In this case the article is about the possibility of opening a chess club -- or rather, the advertisements published in Ha'Tzophe on 22/8/1960 that the Religious-National party, the Mafdal, which owned Heichal Shlomo, will open a chess club in the place, including a lecture by Landau, a simul by Yaakov Kortzag [ph. spelling], etc.
Zevuloni reports that, while the decision to open the club was legitimately done in a meeting by Heichal Shlomo's management, the CEO of Heichal Shlomo (absent, presumably, from that particular meeting), who was also the minister of the interior at the time, Chaim Shapira (not to be confused with the Tel Aviv University professor of the same name), decided for political reasons explained in detail in the article to "defer" the opening of the club until "after the [Jewish] holidays" -- i.e., to some indefinite time after Rosh Ha'Sahana, Yom Kippur, and Sukkot.
As very often is the case in Israel, 'after the holidays' served as a euphemism for 'never', the equivalent of the English expression 'to the Greek calends'. Another point raised in the article by Zevuloni is that the management of Heichal Shlomo was asked why they intended to call the club after Reshevsky, instead of the late Rabbi Citron from Petach Tikvah, mentioned before in this blog, who was also a member of the Mizrahi (the Mafdal's predecessor) and also a chess master. Zevuloni adds, incredulously, that the reply was that the management never heard of Citron...

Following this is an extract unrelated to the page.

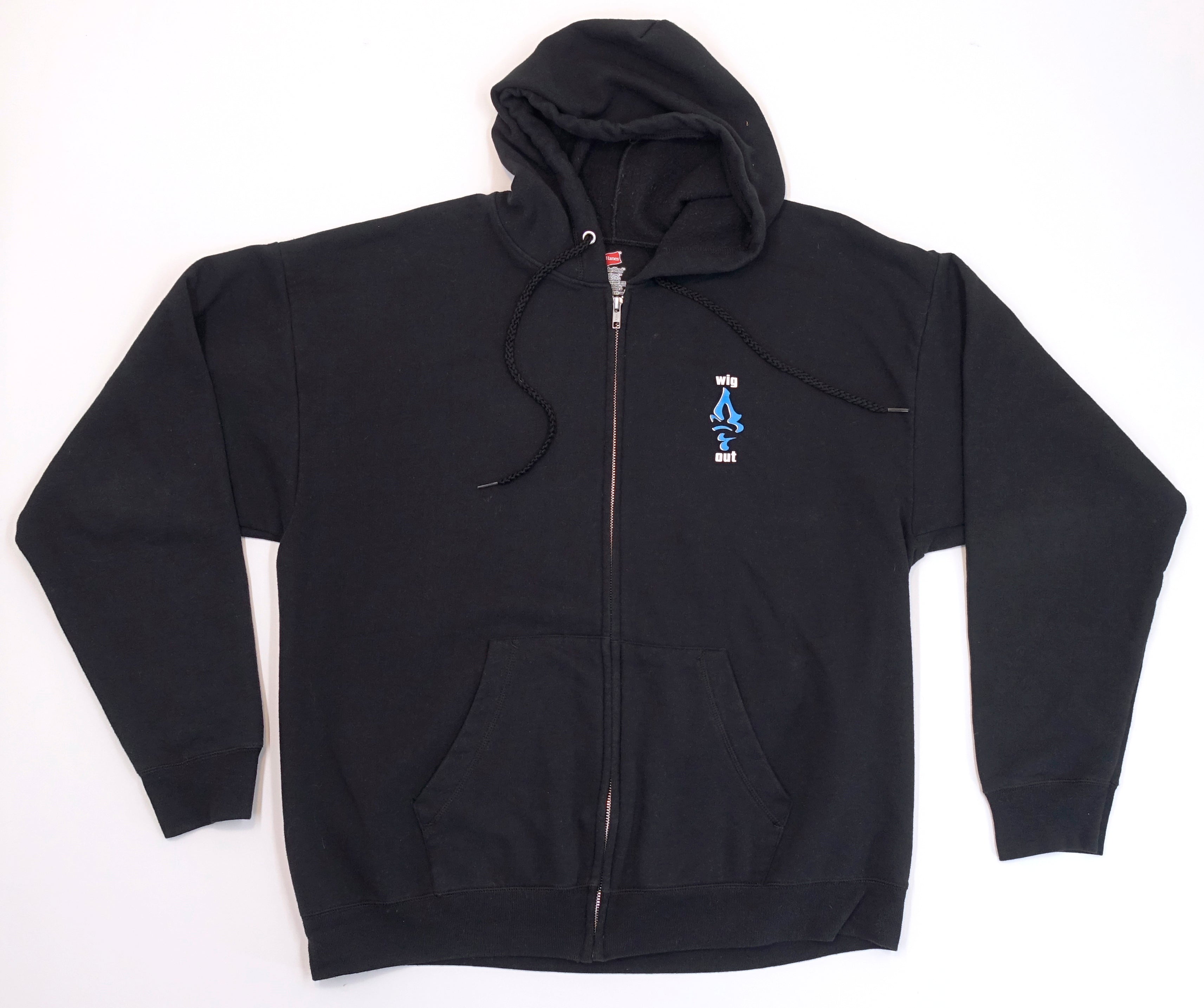 Dag Nasty - Florida Dan November 1987 (Bootleg By Me) Zip Up Sweatshirt Shirt Size XL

That Reshevsky was a world-famous chess player and Citron a local amateur master was, apparently, irrelevant to those who complained to Heichal Shlomo's management for preferring Reshevsky to Citron in naming the suggested club. This was typical of sports in general in Israel at the time; e.g., sports clubs were divided based on political affiliation, and so on.
It should be noted that at the time Herut was the newspaper of the Herut party, then the most far-right nationalist party in the country. The Mafdal (and before that the Mizrahi) was the right-wing religious Zionist party, significantly to the right of the ruling secular-left Zionist parties, but not as extreme as Herut.